Thursday, December 8, 2016

Starbucks's $10 Cup of Coffee Is Priced Just Right

[ed. I've been in the Roastery in Seattle on Pike (although I didn't know it at the time). I'd just stopped in to get a Serious Pie pizza, which, as I found out, is situated in a small enclave adjacent to the main dining room. The whole operation looked like a brewery to me... massive roasting equipment, drying bins, conveyor-belts running all over the place and other stuff going on while hundreds of people sat around drinking coffee, working on laptops, taking pictures and just soaking in the vibe (and tourists pouring in all the time). It was, generally, kind of weird. I kept asking myself "what is everyone doing here?"(I'm not much of a coffee drinker myself), but people seemed to be outright giddy about being in the happening place.]

It's not about the $10 cup of coffee.

Critics have derided Starbucks Corp.'s push into higher-end coffee bars, which the chain discussed in detail on Thursday, at an all-day confab with Wall Street investors and analysts. Skeptics questioned whether millennials would pony up for pricey drinks such as the $10 Nitro cold-brew coffee, which is infused with nitrogen gas. Others poked fun at descriptions of exotic beans small-batch roasted in Seattle.

They are missing the point.

Starbucks is not trying to change its current business model by going even more upmarket than it already is, nor is it trying to convince folks to spend more on its run-of-the-mill drip coffee just because it's served by hipsters in hats and leather-lined cloth aprons (the new uniform of the higher-end Roastery stores).

On the contrary, Starbucks has launched a completely separate, brand new restaurant chain -- one that rejects the old model of brick-and-mortar ubiquity, while also getting back to the chain's roots.

Back in the 1970s, CEO Howard Schultz fashioned Starbucks in the vision of a "third place"-- corporate jargon for somewhere for people to hang out when not at work or home. But over the years, many of the 25,000 stores worldwide have basically turned into fast-food stations, where people get their coffee fix and get out.

Store Count

Starbucks aims to get up to 37,000 stores by 2021, which would overtake McDonald's store footprint

Many of the stores don't look all that different from McDonald's higher-end McCafe's. Starbucks has invested in drive-thru's, mobile ordering and payment and virtual baristas, to speed up the process and get more money flowing through the chain.
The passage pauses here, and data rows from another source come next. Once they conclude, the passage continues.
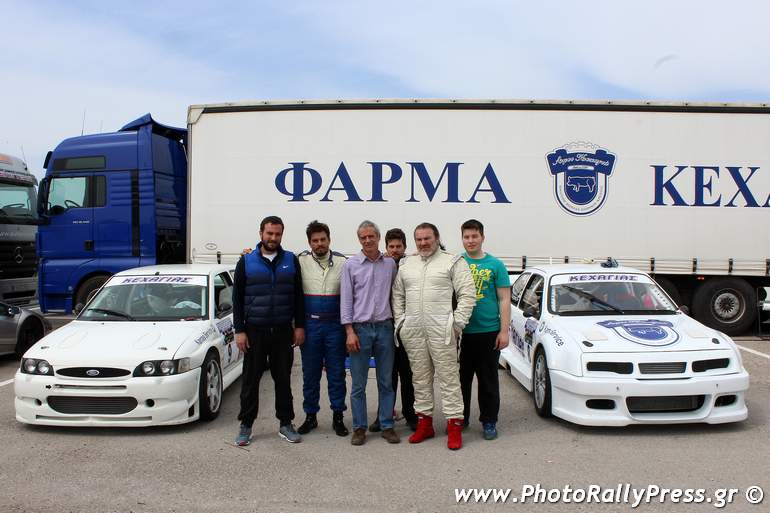 Γιώργος και Ανδρέας Κεχαγιάς μαζί με μέλη της ομάδας 'Φάρμα αλόγων...' (με τόσους ίππους που έχουν τα δύο τέρατα δεξιά και αριστερά μάλλον πρέπει να σκεφτούν την αλλαγή της ονομασίας πίσω)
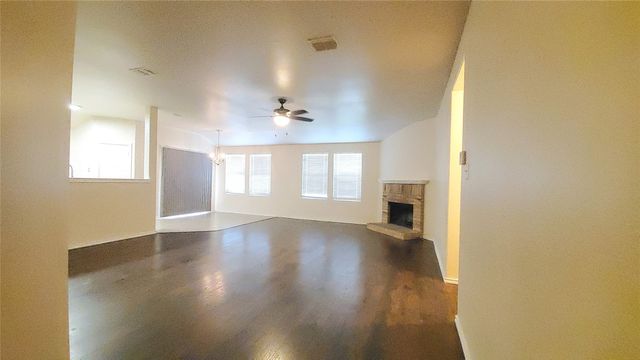 1118 Bradford Drive, Glenn Heights, TX 75154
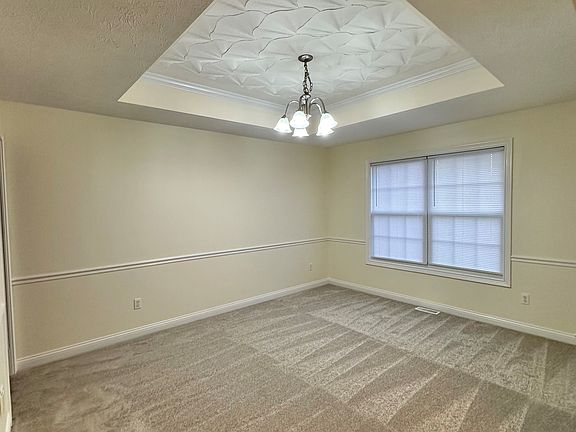 2nd image of 305 Vineland Place Dr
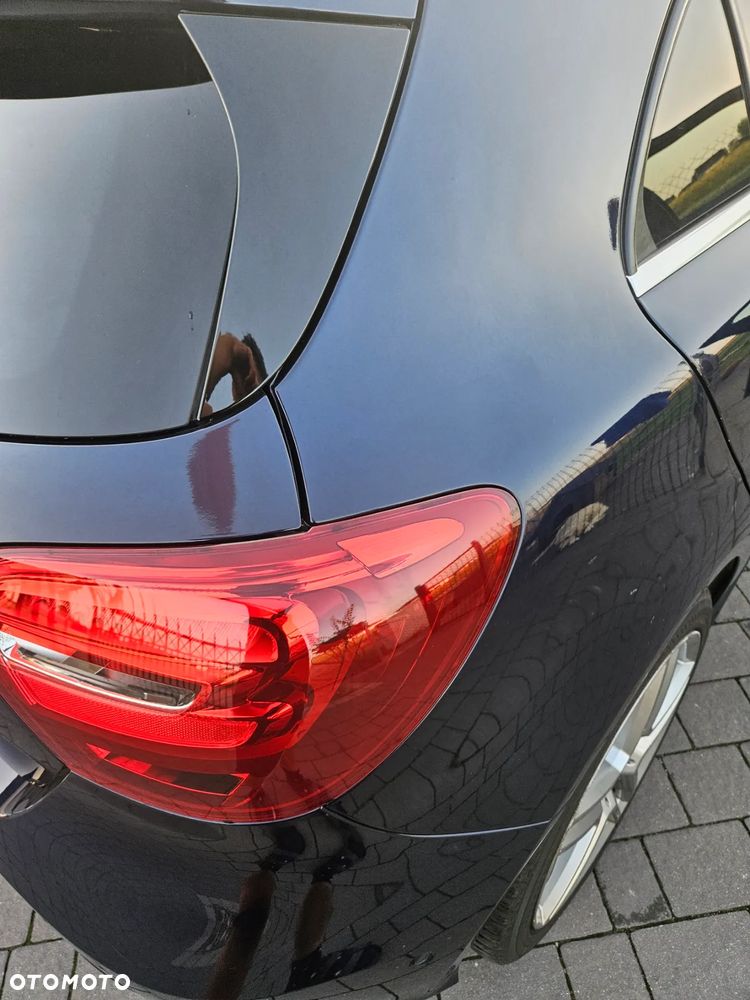 Mercedes-Benz Klasa A 220 4Matic 7G-DCT - 35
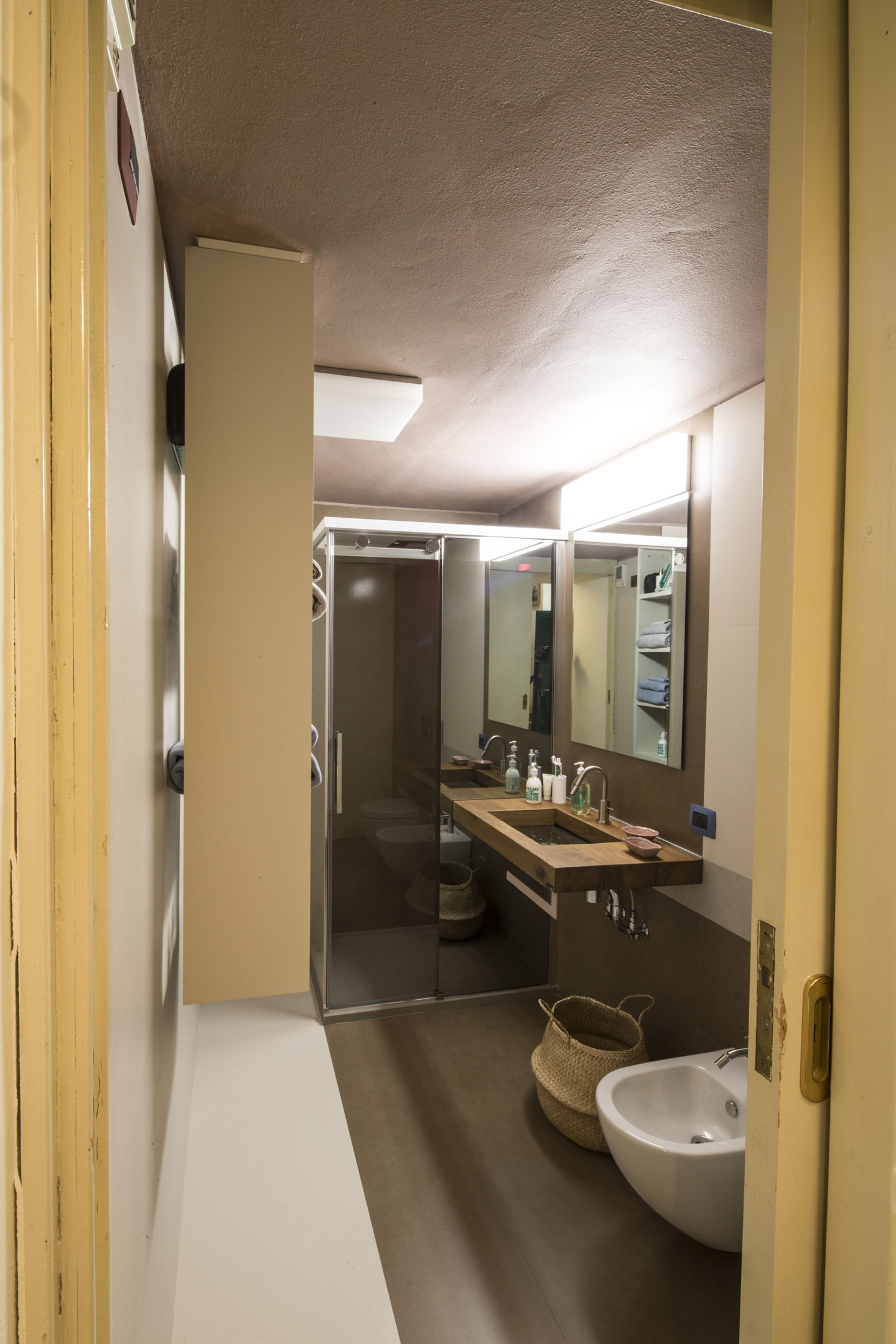 A Unique and Unconventional Home with Comfortable Layouts in Milan by Lago (10)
The problem is, this model depends greatly on foot traffic. And with consumers spending increasingly less time at the malls and shopping centers Starbucks locations were built to serve, the company knows it can no longer rely on the "pull" model of intercepting existing foot traffic. Instead, it will have to create more of a "push" model, giving consumers reasons to get off their couch and come in to get a coffee.

Traffic Jam

Shopper traffic at retail stores is in a steep, years-long decline

Enter Starbucks Reserve and Roastery stores. They are more wine bar than coffeehouse, replete with tastings, mixologists and educated baristas. They're a place to take a date, to sit at the bar and experience the tastes and smells, as you'd do at a wine bar or craft brewery.

Indeed, customers at the already opened Roastery outpost in Seattle spend an average of 40 minutes at the restaurant, according to the company. Compare that to the few minutes it takes to swing by a Starbucks on your morning commute and pick up the vanilla latte you pre-ordered on your cell phone. It's a totally different business model.